MATERIAL FOR THIS EXERCISE START
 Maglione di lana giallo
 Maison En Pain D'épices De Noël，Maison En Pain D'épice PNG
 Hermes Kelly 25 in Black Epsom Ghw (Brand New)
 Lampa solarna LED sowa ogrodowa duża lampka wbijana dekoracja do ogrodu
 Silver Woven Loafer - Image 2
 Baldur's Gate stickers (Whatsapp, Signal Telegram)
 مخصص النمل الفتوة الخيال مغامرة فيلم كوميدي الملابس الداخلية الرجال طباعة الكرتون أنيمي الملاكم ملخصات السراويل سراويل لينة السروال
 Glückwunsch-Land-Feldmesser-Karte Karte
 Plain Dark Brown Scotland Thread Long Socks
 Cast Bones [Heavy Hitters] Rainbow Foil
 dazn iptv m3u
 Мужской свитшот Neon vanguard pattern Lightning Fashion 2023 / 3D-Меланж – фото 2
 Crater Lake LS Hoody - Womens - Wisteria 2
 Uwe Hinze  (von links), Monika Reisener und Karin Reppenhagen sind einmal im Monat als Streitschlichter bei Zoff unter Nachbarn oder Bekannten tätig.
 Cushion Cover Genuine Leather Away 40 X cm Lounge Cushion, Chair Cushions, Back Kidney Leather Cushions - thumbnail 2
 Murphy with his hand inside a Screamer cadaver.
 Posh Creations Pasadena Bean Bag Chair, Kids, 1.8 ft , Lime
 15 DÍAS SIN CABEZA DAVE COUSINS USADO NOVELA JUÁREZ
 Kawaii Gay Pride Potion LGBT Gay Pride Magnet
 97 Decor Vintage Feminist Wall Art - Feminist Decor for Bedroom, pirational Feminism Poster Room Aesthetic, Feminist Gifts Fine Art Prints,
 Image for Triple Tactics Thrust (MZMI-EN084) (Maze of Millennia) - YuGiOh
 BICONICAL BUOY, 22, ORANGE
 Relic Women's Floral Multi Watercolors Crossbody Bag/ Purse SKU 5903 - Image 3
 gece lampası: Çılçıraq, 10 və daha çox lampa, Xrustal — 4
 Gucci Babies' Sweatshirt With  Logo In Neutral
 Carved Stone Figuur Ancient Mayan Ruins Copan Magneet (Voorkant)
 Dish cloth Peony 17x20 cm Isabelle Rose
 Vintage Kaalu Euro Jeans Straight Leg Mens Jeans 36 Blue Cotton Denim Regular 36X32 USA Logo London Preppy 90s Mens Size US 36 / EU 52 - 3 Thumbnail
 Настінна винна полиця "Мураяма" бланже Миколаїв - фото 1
MATERIAL FOR THIS EXERCISE END
● AIM OF THE TASK
Your response should consist of the full listing, repeated exactly.

● OUTPUT FOR THIS EXERCISE
 Maglione di lana giallo
 Maison En Pain D'épices De Noël，Maison En Pain D'épice PNG
 Hermes Kelly 25 in Black Epsom Ghw (Brand New)
 Lampa solarna LED sowa ogrodowa duża lampka wbijana dekoracja do ogrodu
 Silver Woven Loafer - Image 2
 Baldur's Gate stickers (Whatsapp, Signal Telegram)
 مخصص النمل الفتوة الخيال مغامرة فيلم كوميدي الملابس الداخلية الرجال طباعة الكرتون أنيمي الملاكم ملخصات السراويل سراويل لينة السروال
 Glückwunsch-Land-Feldmesser-Karte Karte
 Plain Dark Brown Scotland Thread Long Socks
 Cast Bones [Heavy Hitters] Rainbow Foil
 dazn iptv m3u
 Мужской свитшот Neon vanguard pattern Lightning Fashion 2023 / 3D-Меланж – фото 2
 Crater Lake LS Hoody - Womens - Wisteria 2
 Uwe Hinze  (von links), Monika Reisener und Karin Reppenhagen sind einmal im Monat als Streitschlichter bei Zoff unter Nachbarn oder Bekannten tätig.
 Cushion Cover Genuine Leather Away 40 X cm Lounge Cushion, Chair Cushions, Back Kidney Leather Cushions - thumbnail 2
 Murphy with his hand inside a Screamer cadaver.
 Posh Creations Pasadena Bean Bag Chair, Kids, 1.8 ft , Lime
 15 DÍAS SIN CABEZA DAVE COUSINS USADO NOVELA JUÁREZ
 Kawaii Gay Pride Potion LGBT Gay Pride Magnet
 97 Decor Vintage Feminist Wall Art - Feminist Decor for Bedroom, pirational Feminism Poster Room Aesthetic, Feminist Gifts Fine Art Prints,
 Image for Triple Tactics Thrust (MZMI-EN084) (Maze of Millennia) - YuGiOh
 BICONICAL BUOY, 22, ORANGE
 Relic Women's Floral Multi Watercolors Crossbody Bag/ Purse SKU 5903 - Image 3
 gece lampası: Çılçıraq, 10 və daha çox lampa, Xrustal — 4
 Gucci Babies' Sweatshirt With  Logo In Neutral
 Carved Stone Figuur Ancient Mayan Ruins Copan Magneet (Voorkant)
 Dish cloth Peony 17x20 cm Isabelle Rose
 Vintage Kaalu Euro Jeans Straight Leg Mens Jeans 36 Blue Cotton Denim Regular 36X32 USA Logo London Preppy 90s Mens Size US 36 / EU 52 - 3 Thumbnail
 Настінна винна полиця "Мураяма" бланже Миколаїв - фото 1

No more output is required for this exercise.